**EXERCISE OBJECTIVE:**
What is needed is an exact reproduction of the listing, without its pictures.

**RECORDS TO PROCESS:**

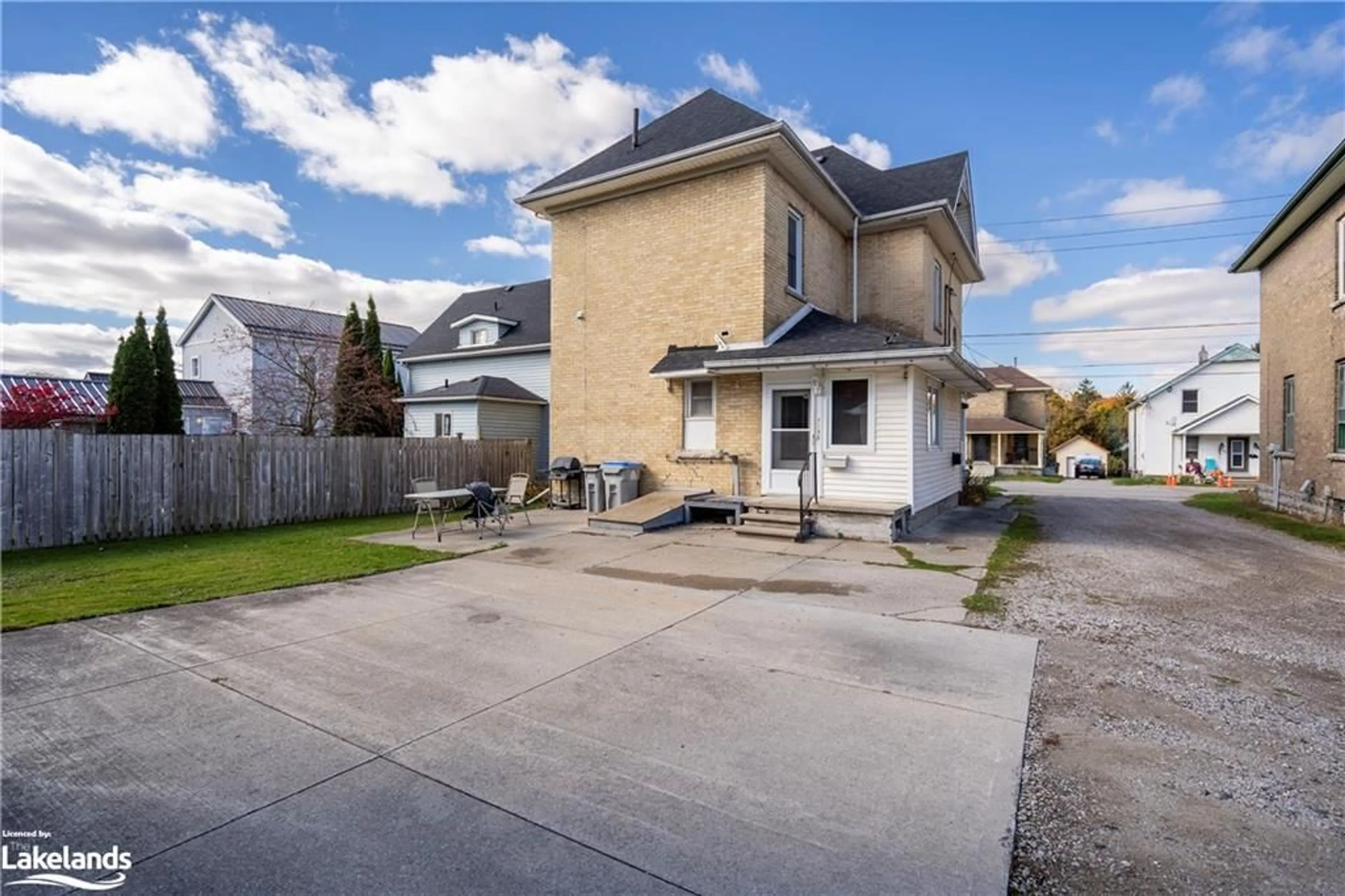 Frontside or backside of a home, the fenced backyard for 187 Water St, St. Marys Ontario N4Z 1A4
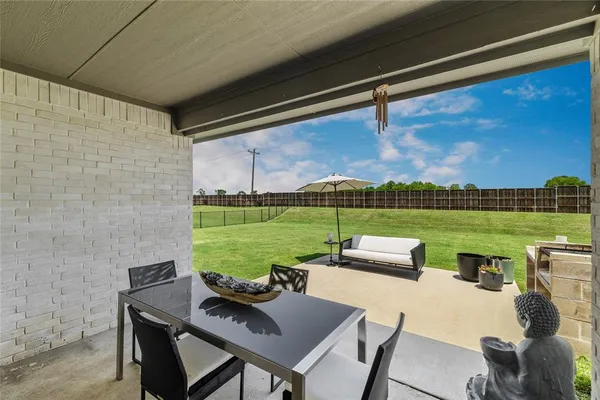 a outdoor space with patio furniture and a potted plant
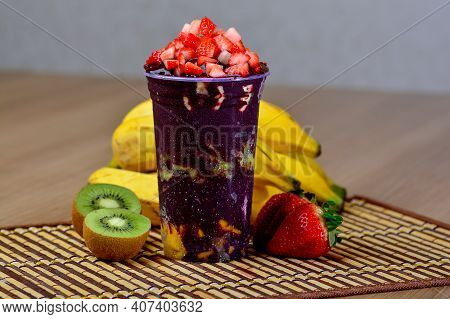 Acai Cup With Strawberry Topping Banana, Kiwi, Delicious Brazilian Açaí Creamy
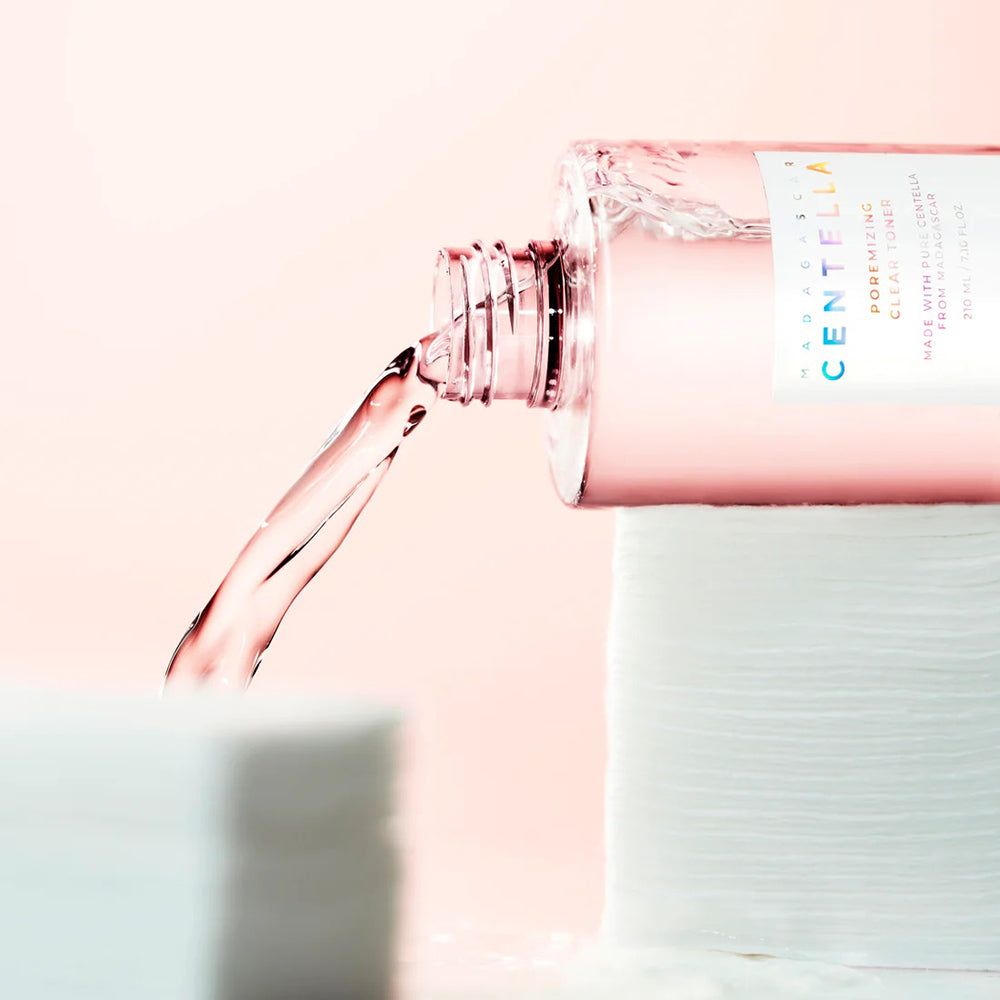 Fles giet vloeistof op wattenschijfjes. Fles met tekst: CENTELLA, POREMIZING CLEAR TONER, SKIN1004. Roze vloeistof.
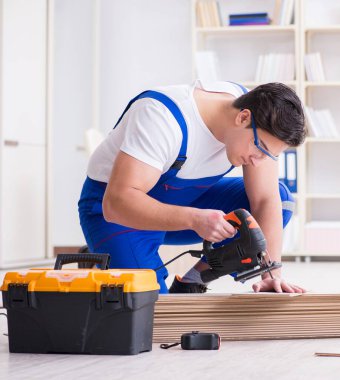 Zemin kaplamalarında çalışan genç işçi.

**RESPONSE BELOW:**
 Frontside or backside of a home, the fenced backyard for 187 Water St, St. Marys Ontario N4Z 1A4
 a outdoor space with patio furniture and a potted plant
 Acai Cup With Strawberry Topping Banana, Kiwi, Delicious Brazilian Açaí Creamy
 Fles giet vloeistof op wattenschijfjes. Fles met tekst: CENTELLA, POREMIZING CLEAR TONER, SKIN1004. Roze vloeistof.
 Zemin kaplamalarında çalışan genç işçi.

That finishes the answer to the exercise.